The euro zone currency hit $1.3944 on Tuesday, a smidgen off its year-peak of $1.3965, reached in March. Since the start of the year, the euro has risen 1.37 percent against the dollar, and it is 5.67 percent higher versus the greenback since the start of 2013.
Michel Sapin, the French finance minister, said euro zone members needed to openly discuss the strength of the euro and its potentially negative impact on the regional economy. A stronger euro makes euro zone exports more expensive in the global market, thereby hindering the euro zone's efforts to grow and regain its competitiveness.
"The debate on the level of the euro is a free debate, a debate that is a joint competency between the European Central Bank (ECB) and also the (Governing) Council. We need to be able to debate about it, to discuss it," he told CNBC from the Eurogroup meeting of euro zone finance ministers in Brussels.
Sapin said he agreed with the ECB's view that the strengthening euro was fueling disinflation—a major worry for the central bank.
"The fact that, at the moment, the ECB considers an overly strong euro is weighing too much on prices and leading to too low inflation is, in my view, a correct assessment," Sapin said.
Euro zone inflation picked up in April, according to data released last week, but remained below expectations, coming in at 0.7 percent. It marked the seventh month in a row that inflation in the 18-country currency bloc came in below 1 percent.
Sapin has previously warned that a too-strong euro was bad for growth in both France and Europe overall. This view was also espoused by French Minister Manual Valls on Saturday.
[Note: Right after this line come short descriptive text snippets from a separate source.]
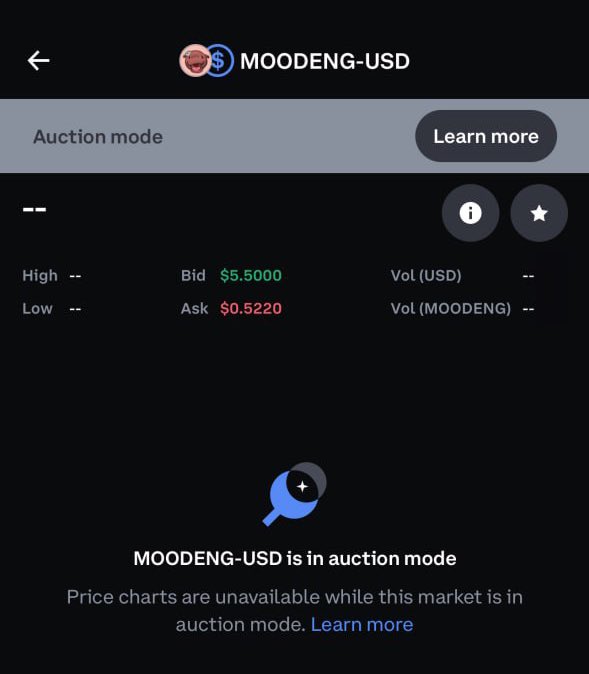 frankdegods's tweet photo. Someone just bid $5.50 for 1 $MOODENG on Coinbase https://t.co/E0dLrxWFTs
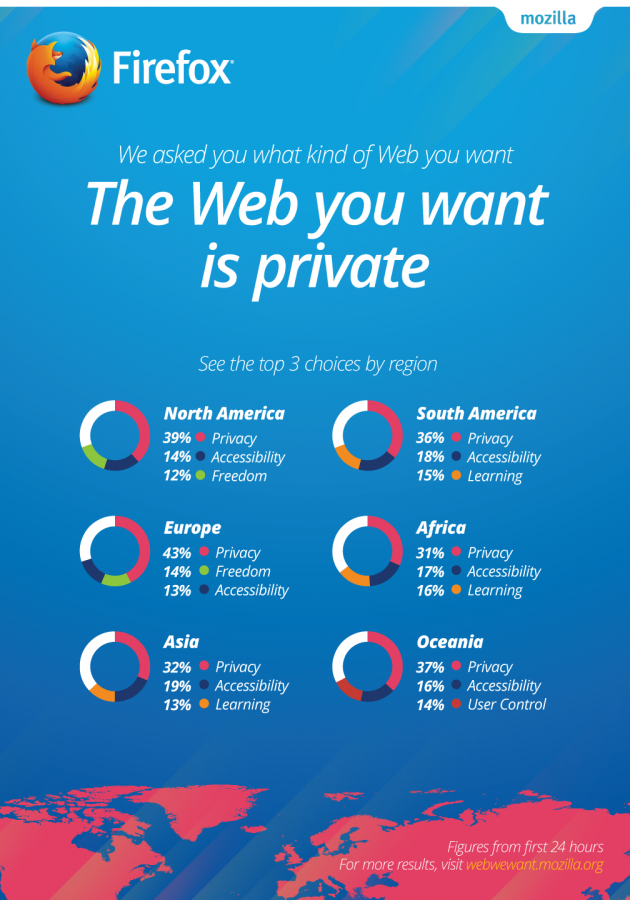 Mozilla-Web-We-Want-630x900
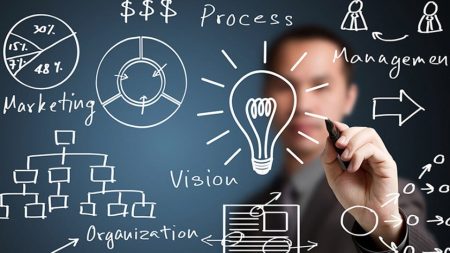7 pasos para implementar una estrategia de transformación en tu negocio Blockchain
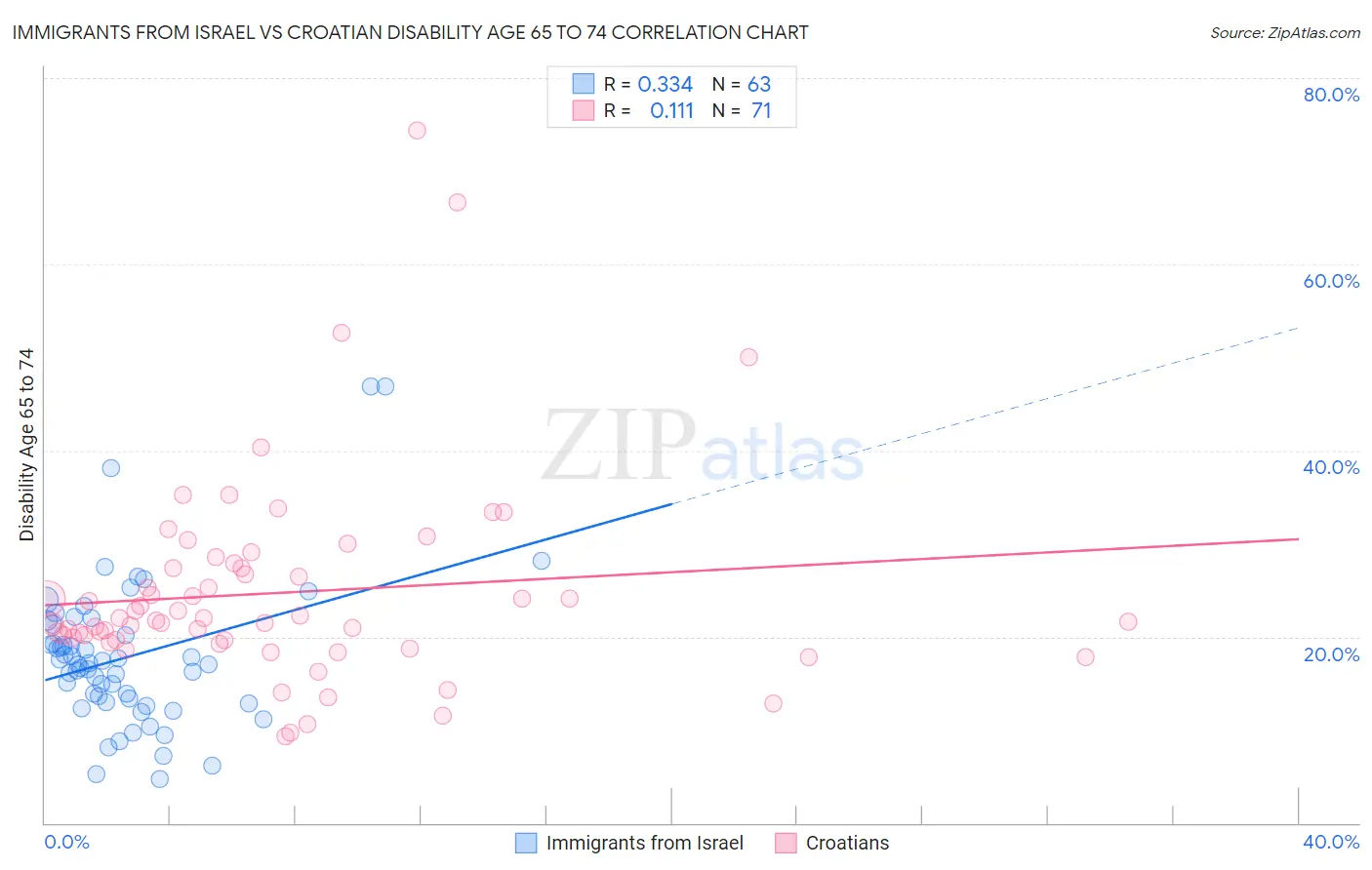 Immigrants from Israel vs Croatian Disability Age 65 to 74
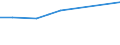Professional position: Researchers / Sex: Total / Sector of performance: All sectors / Unit of measure: Percentage of total employment - numerator in full-time equivalent (FTE) / Geopolitical entity (reporting): Prov. Liège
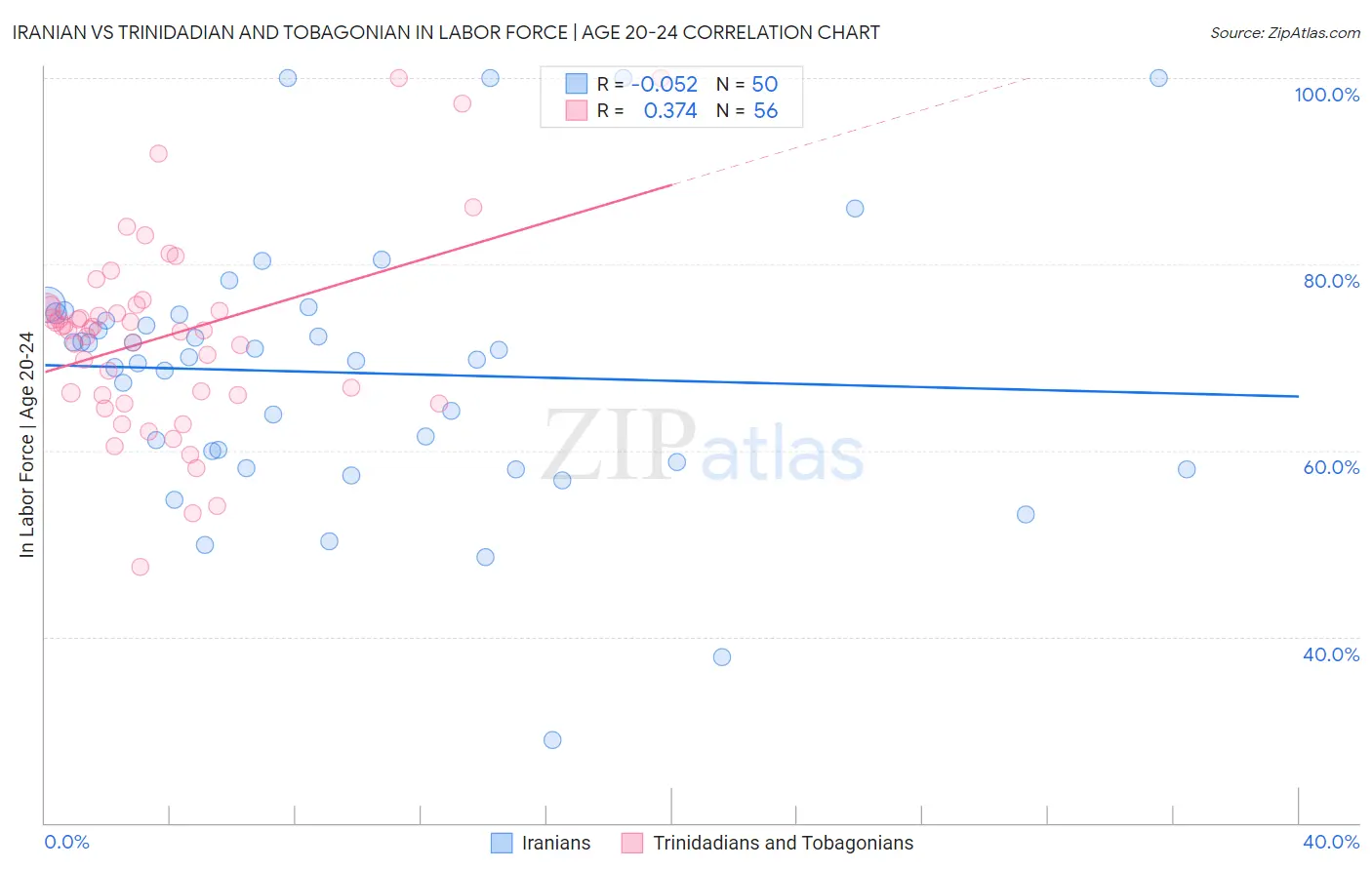Iranian vs Trinidadian and Tobagonian In Labor Force | Age 20-24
The topic will be in focus when the ECB holds its monthly policy meeting on Thursday. Further interest rate cuts are seen as unlikely after months of speculation, but the central bank's President Mario Draghi has cited euro strength as a potential trigger for easing monetary policy further.
The latest uptick in the euro materialized on Tuesday after data showed that business activity in the euro zone hit a three-year high in April. Markit's final euro zone purchasing managers' composite index came in at 54.0, up from 53.1 the previous month, with strong upturns apparent in previously struggling Spain and Ireland.